= List of the oldest buildings in West Virginia =

This article lists the oldest extant buildings in West Virginia, including extant buildings and structures constructed prior to and during the United States rule over West Virginia. Only buildings built prior to 1800 are suitable for inclusion on this list, or the building must be the oldest of its type.

In order to qualify for the list, a structure must:
- be a recognizable building (defined as any human-made structure used or intended for supporting or sheltering any use or continuous occupancy);
- incorporate features of building work from the claimed date to at least 1.5 m in height and/or be a listed building.
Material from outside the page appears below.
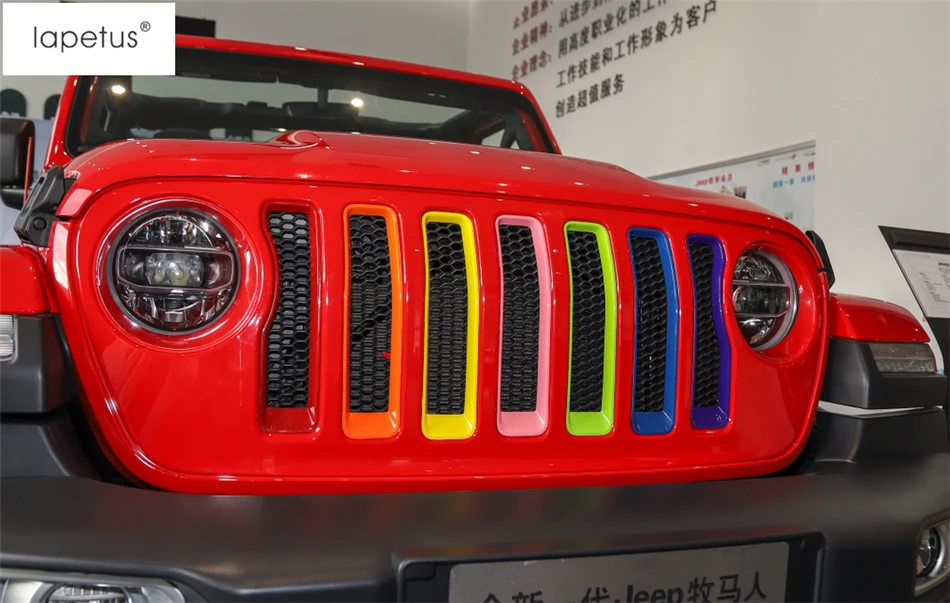 Lapetus аксессуары для Jeep Wrangler JL 2018 2020 сетчатые передние вставки радиаторной решетки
This consciously excludes ruins of limited height, roads and statues. Bridges may be included if they otherwise fulfill the above criteria. Dates for many of the oldest structures have been arrived at by radiocarbon dating or dendrochronology and should be considered approximate. If the exact year of initial construction is estimated, it will be shown as a range of dates.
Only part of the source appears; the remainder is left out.